This is Part 3 of our Java 21 Interview Preparation series. We’ll explore modern collection factory methods (Java 9+) and Stream API fundamentals, comparing them with Scala 3 and Kotlin approaches.
The Problem: Processing Transactions
A common programming task involves processing collections of data: filtering by criteria, grouping by category, and calculating statistics. Let’s see how this task is handled in modern Java 21, comparing with idiomatic Scala 3 and Kotlin solutions.
Problem Statement: Process a list of transactions: filter by amount, group by category, and calculate statistics.

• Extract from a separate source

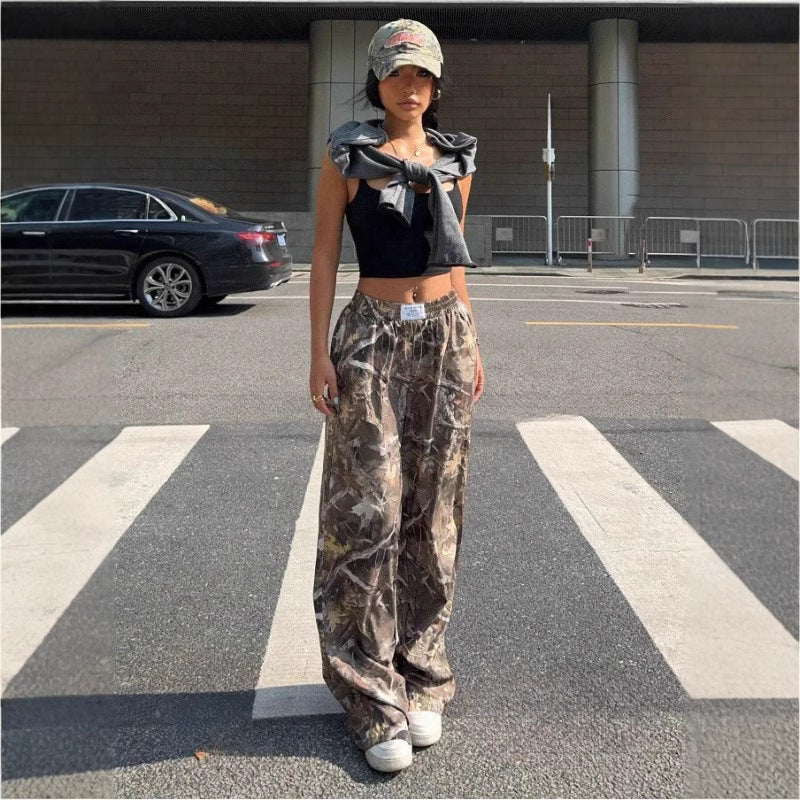 Womes's Slimming Casual Hip-Hop Retro Street Multi-Pocket Camouflage Cargo Pants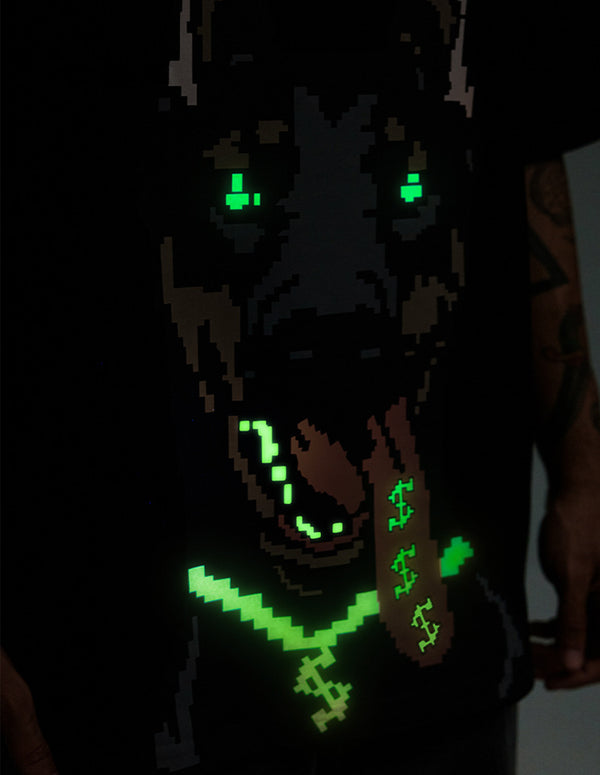 BAKYARDER Glow-in-the-Dark Doberman Print Tee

Collection Factory Methods (Java 9+)
Before Java 9, creating immutable collections was verbose:
// Java 8 style - verbose and error-prone
List<String> list = Collections.unmodifiableList(Arrays.asList("a", "b", "c"));
Set<String> set = Collections.unmodifiableSet(new HashSet<>(Arrays.asList("a", "b", "c")));
Map<String, Integer> map = Collections.unmodifiableMap(new HashMap<>() );
Java 9+ introduced elegant factory methods:
List.of(), Set.of(), Map.of()
// Immutable list
List<String> list = List.of("a", "b", "c");
// Immutable set
Set<String> set = Set.of("a", "b", "c");
// Immutable map (up to 10 entries)
Map<String, Integer> map = Map.of(
"one", 1,
"two", 2,
"three", 3
);
// Immutable map (any number of entries)
Map<String, Integer> largeMap = Map.ofEntries(
Map.entry("one", 1),
Map.entry("two", 2),
// ... more entries
);
// Immutable by default
val list = List("a", "b", "c")
// Immutable set
val set = Set("a", "b", "c")
// Immutable map
val map = Map(
"one" -> 1,
"two" -> 2,
"three" -> 3
)
// Read-only list
val list = listOf("a", "b", "c")
// Read-only set
val set = setOf("a", "b", "c")
// Read-only map
val map = mapOf(
"one" to 1,
"two" to 2,
"three" to 3
)
Key Characteristics
| Feature | Java 9+ | Scala 3 | Kotlin |
|---|---|---|---|
| Default mutability | Immutable with factory methods | Immutable | Read-only (immutable view) |
| Null elements | Not allowed | Allowed | Allowed |
| Modification | UnsupportedOperationException | New collection created | UnsupportedOperationException |
| Duplicate keys (Map) | IllegalArgumentException | Last value wins | Last value wins |
Immutable vs Mutable Collections
Understanding the difference between immutable and mutable collections is crucial for writing thread-safe, predictable code.
// Mutable (traditional)
List<String> mutable = new ArrayList<>();
mutable.add("Apple");
mutable.add("Banana");
// Immutable (Java 9+)
List<String> immutable = List.of("Apple", "Banana");
// immutable.add("Cherry"); // UnsupportedOperationException!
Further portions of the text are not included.